Supplied records —
☆ ☆ ☆

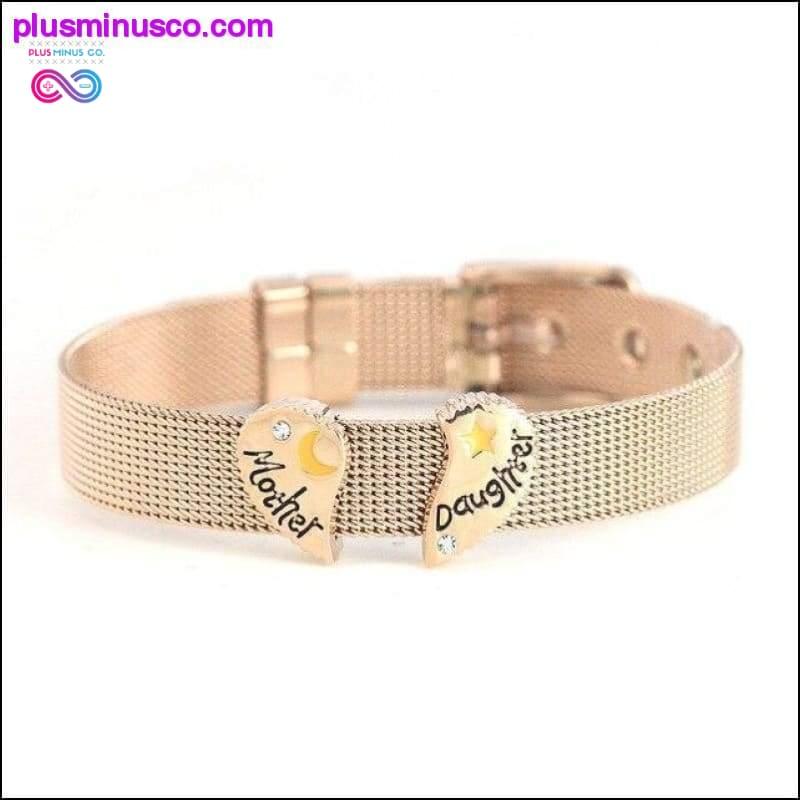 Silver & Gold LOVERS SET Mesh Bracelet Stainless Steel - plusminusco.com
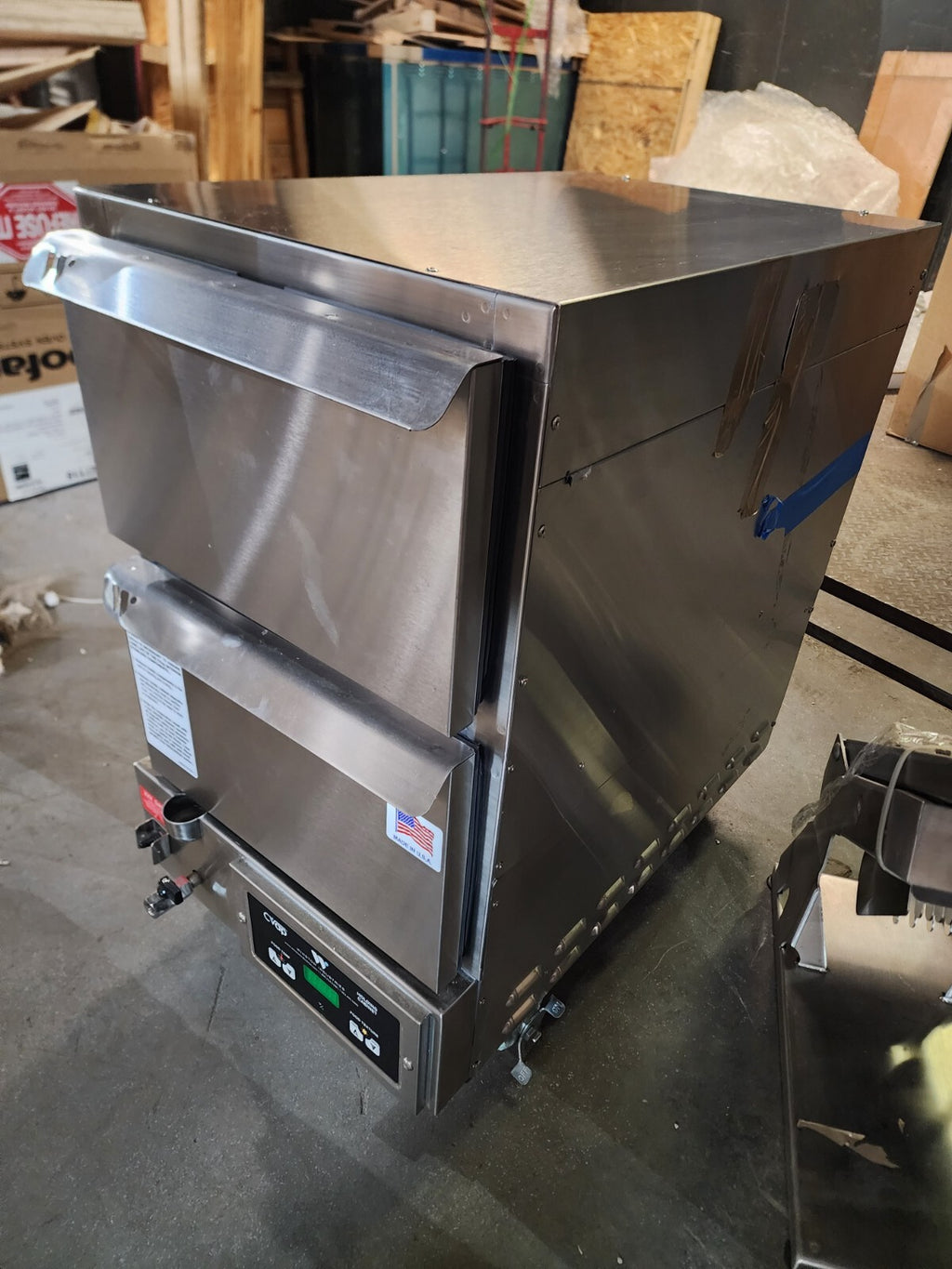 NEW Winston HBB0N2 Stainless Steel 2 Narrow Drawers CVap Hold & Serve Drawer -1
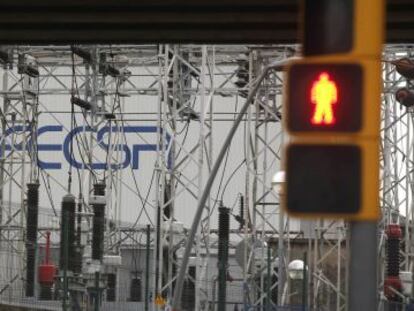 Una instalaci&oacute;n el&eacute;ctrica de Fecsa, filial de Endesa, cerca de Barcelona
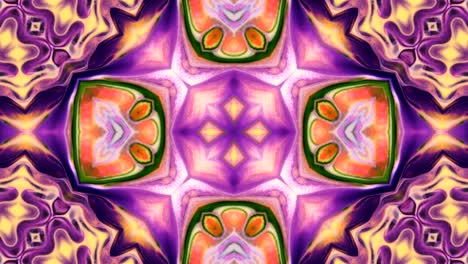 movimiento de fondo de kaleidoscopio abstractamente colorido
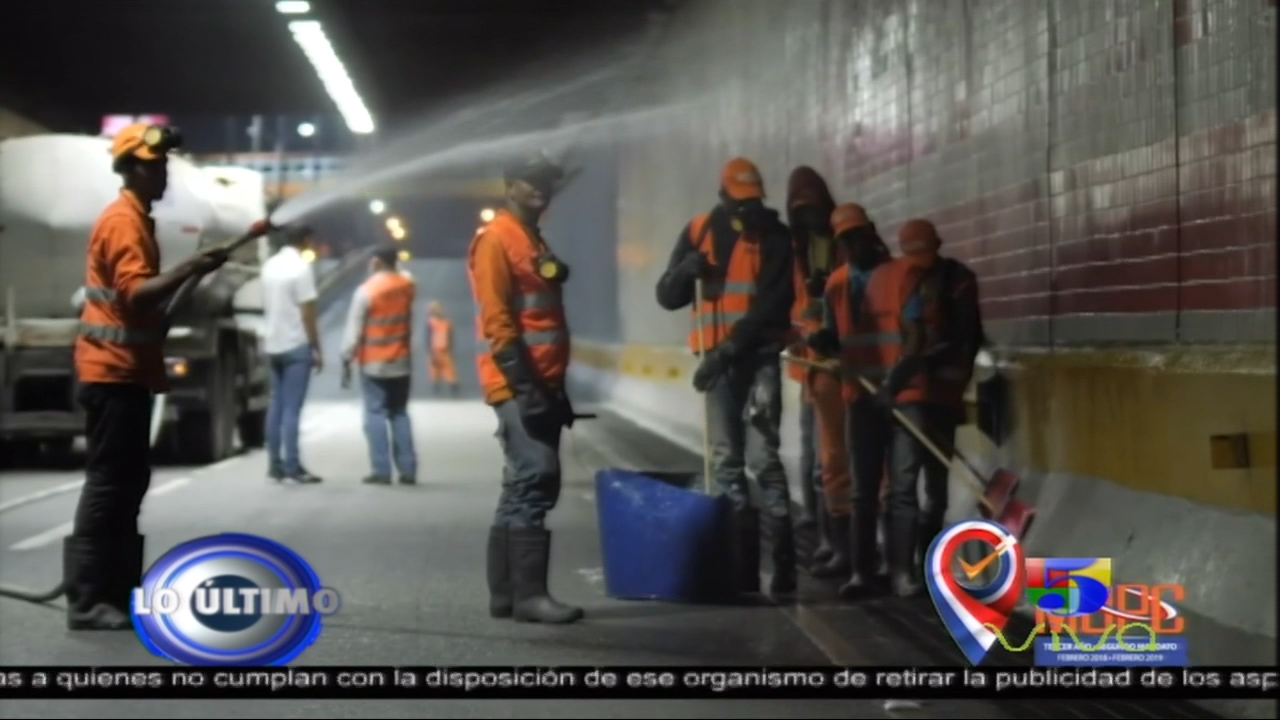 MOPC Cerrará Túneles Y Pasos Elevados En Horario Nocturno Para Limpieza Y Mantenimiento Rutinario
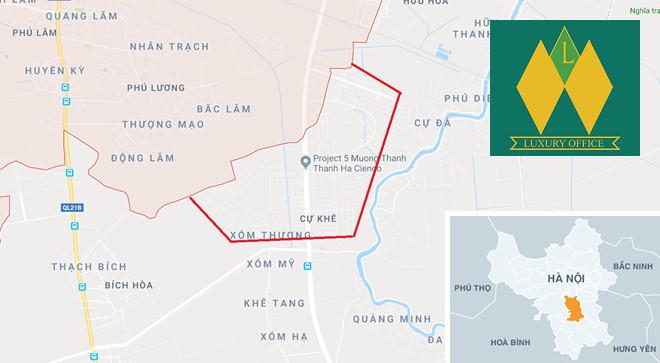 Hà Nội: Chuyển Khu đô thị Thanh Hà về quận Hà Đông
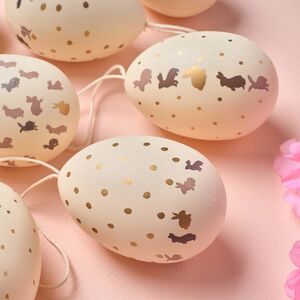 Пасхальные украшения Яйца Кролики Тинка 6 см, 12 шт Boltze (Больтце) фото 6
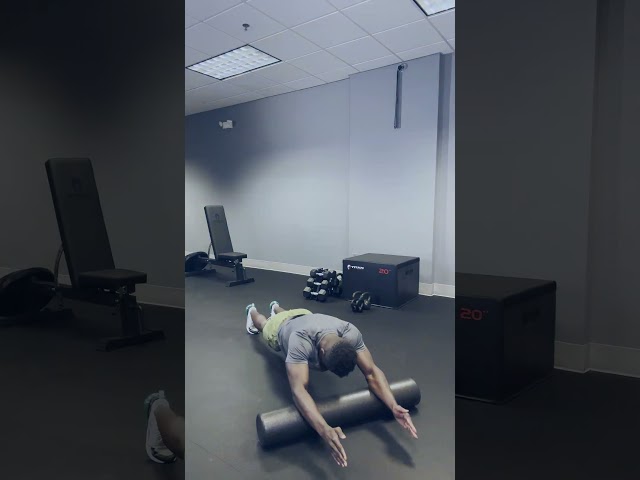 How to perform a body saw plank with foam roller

☆ ☆ ☆

Action item — Set down, word for word, the line that holds "NEW Winston HBB0N2" and all lines after it to the end of the entries above, but not the pictures.

Worked solution —
 NEW Winston HBB0N2 Stainless Steel 2 Narrow Drawers CVap Hold & Serve Drawer -1
 Una instalaci&oacute;n el&eacute;ctrica de Fecsa, filial de Endesa, cerca de Barcelona
 movimiento de fondo de kaleidoscopio abstractamente colorido
 MOPC Cerrará Túneles Y Pasos Elevados En Horario Nocturno Para Limpieza Y Mantenimiento Rutinario
 Hà Nội: Chuyển Khu đô thị Thanh Hà về quận Hà Đông
 Пасхальные украшения Яйца Кролики Тинка 6 см, 12 шт Boltze (Больтце) фото 6
 How to perform a body saw plank with foam roller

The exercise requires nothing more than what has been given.